第三十七章 暗闇の学園で待つもの[月夜のもとに]
コツ…コツ…。
夜の学園は静寂に包まれ、自分の歩く音だけが廊下にこだまする。
反響音が聞こえてくる度に、深い闇からの言い表せない不安と背後にまとわりつくような恐怖心に、心を少しずつ支配されていくのがわかる。
ワケもなく嫌な感覚から周囲を警戒しながら進んでいく。
ギネス級のお化け屋敷や、曰く付きの心霊スポットの中に1人取り残されてしまった。
そんな感じさえしてしまうくらいだ。
コツ…コツ…コツ。
廊下を進んでいくとある教室に明かりが見えた。
光一朗「…ふぅ…。
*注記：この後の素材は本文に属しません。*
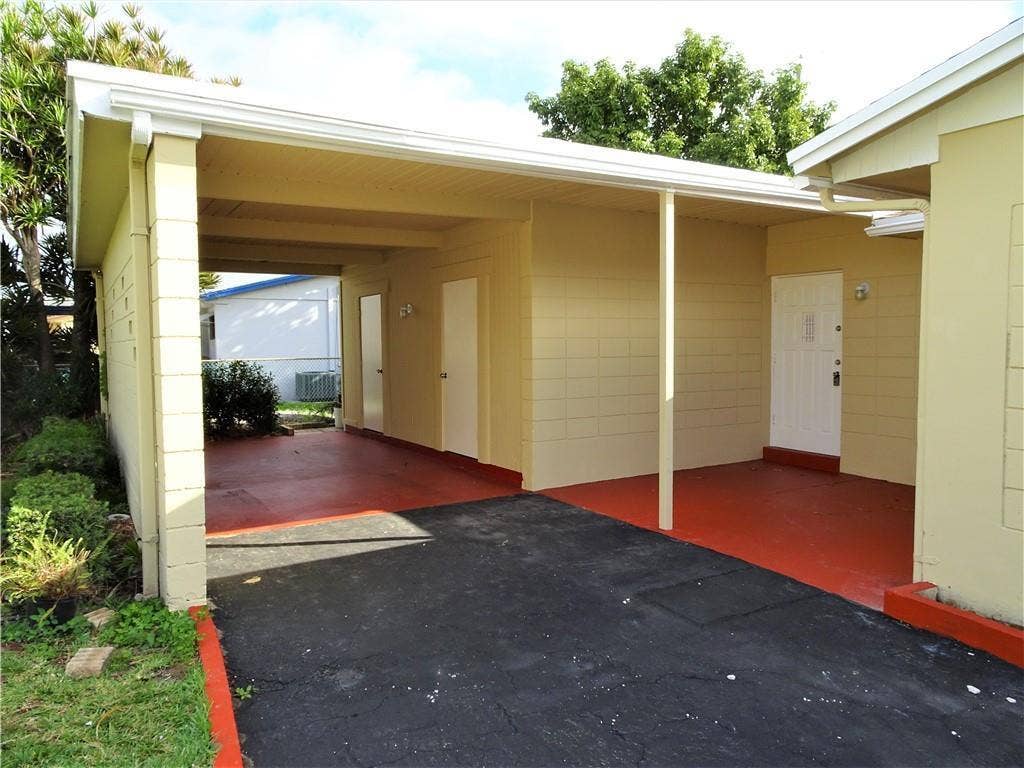 2230 AVENUE H W, Riviera Beach, FL 33404 GetMedia (2)
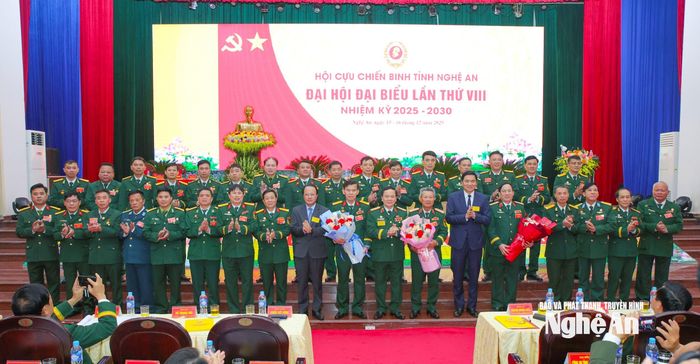 Các đại biểu Trung ương Hội và lãnh đạo tỉnh cùng Ban Chấp hành Hội Cựu chiến binh tỉnh Nghệ An lần thứ VIII, nhiệm kỳ 2025 - 2030. Ảnh: Thanh Quỳnh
」
人は暗闇の中で感じる不安や孤独感は、火や光などの明るさに触れることで一時解放されることがある。
心理的な反応によるものなのだろう。俺は1つ溜め息をつくと肩の力に抜いた。
教室にいたのは机に伏せた体勢のままの小鳥遊ありかだった。
気持ちよく寝ているものを起こすのは気が引けるが、電話の内容も気になり、避難させた方がいいだろうと判断し起こすことにした。
光一朗「ありか、起きろって。」
肩を軽く二、三度ゆすって声をかけた。
ありか「…………。」
熟睡しているのか起きる気配は全くない。